◆ **Problem details**
The answer must reproduce exactly the lines from the one with "Sony Xperia 5" through the end of the material, and it must contain no pictures.

--- Records supplied Enclosed Below ---

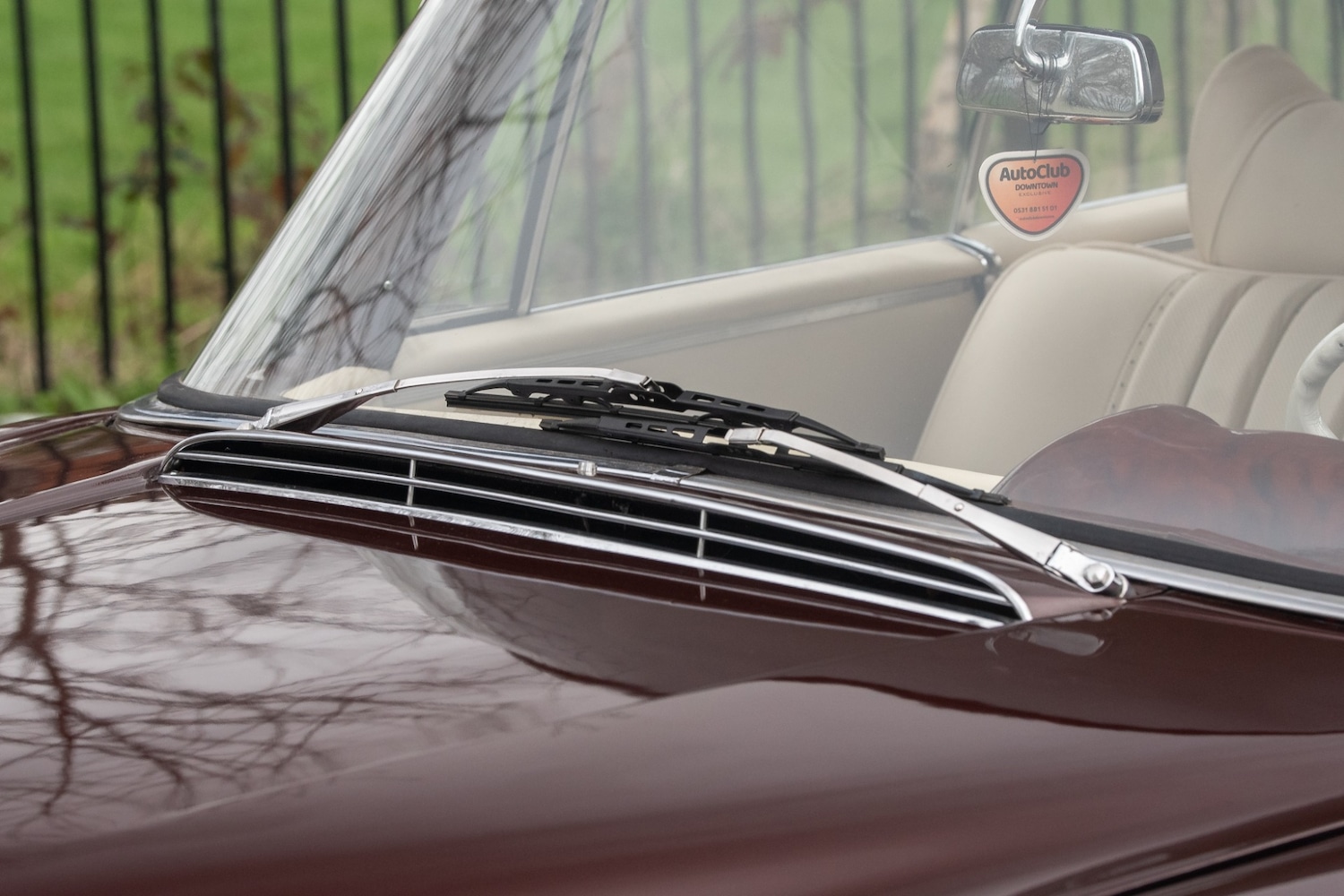 Used Mercedes-Benz 300 1966 for sale - 77581590: Photo 27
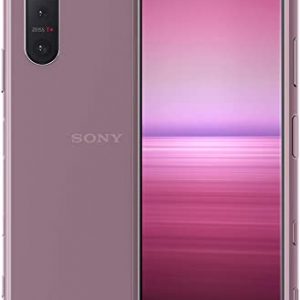 Sony Xperia 5 II 5G Smartphone (15.5 cm (6.1 inch) 21:9 CinemaWide FHD+ HDR OLED Display, Triple Camera System, 3.5 mm Audio Port, Android 10, SIM,…
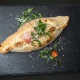 Piroška pizza
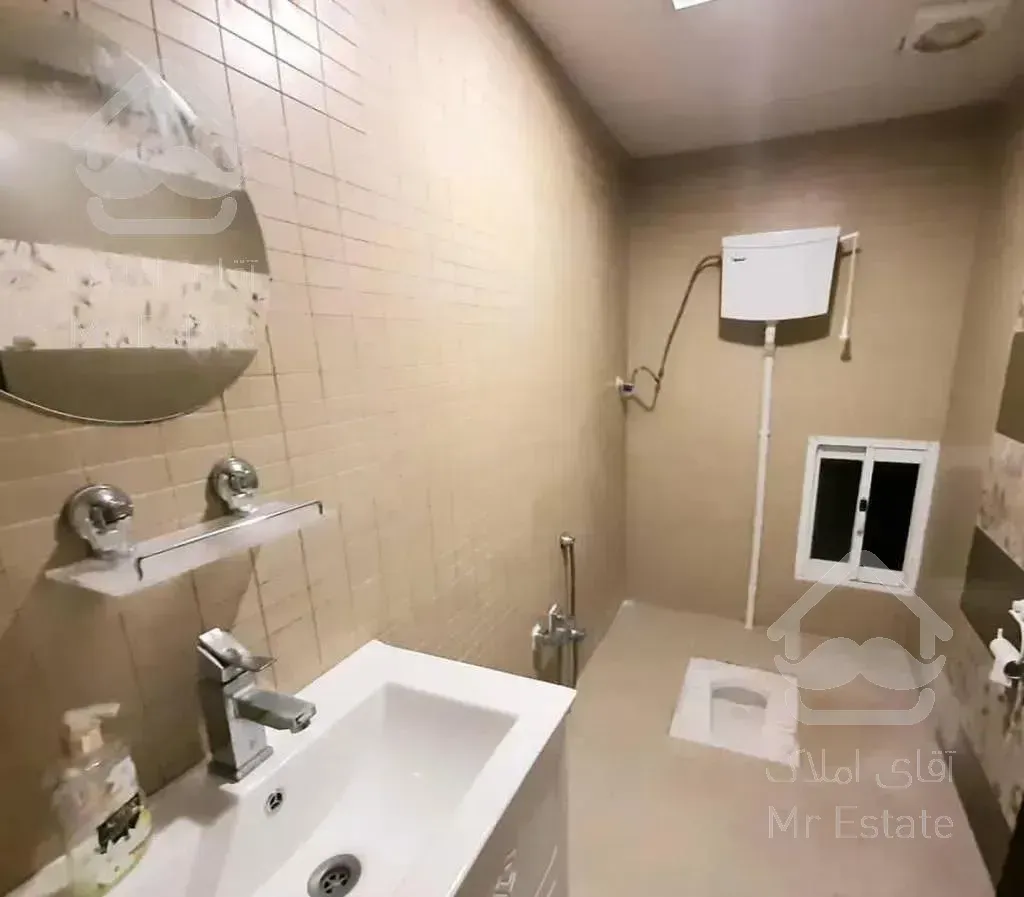 آپارتمان ویو دریا 208 متری در بابلسر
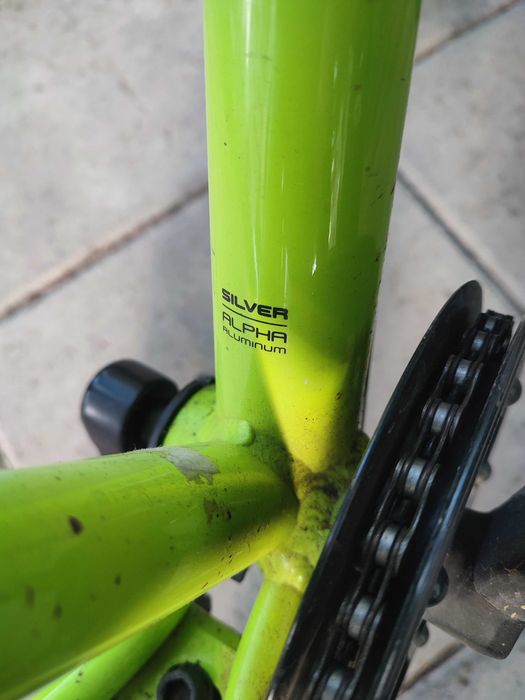 Детски алуминиев велосипед Trek Precaliber 20 цола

--- End of Enclosed Records supplied ---

◆ **Answer to this task**
 Sony Xperia 5 II 5G Smartphone (15.5 cm (6.1 inch) 21:9 CinemaWide FHD+ HDR OLED Display, Triple Camera System, 3.5 mm Audio Port, Android 10, SIM,…
 Piroška pizza
 آپارتمان ویو دریا 208 متری در بابلسر
 Детски алуминиев велосипед Trek Precaliber 20 цола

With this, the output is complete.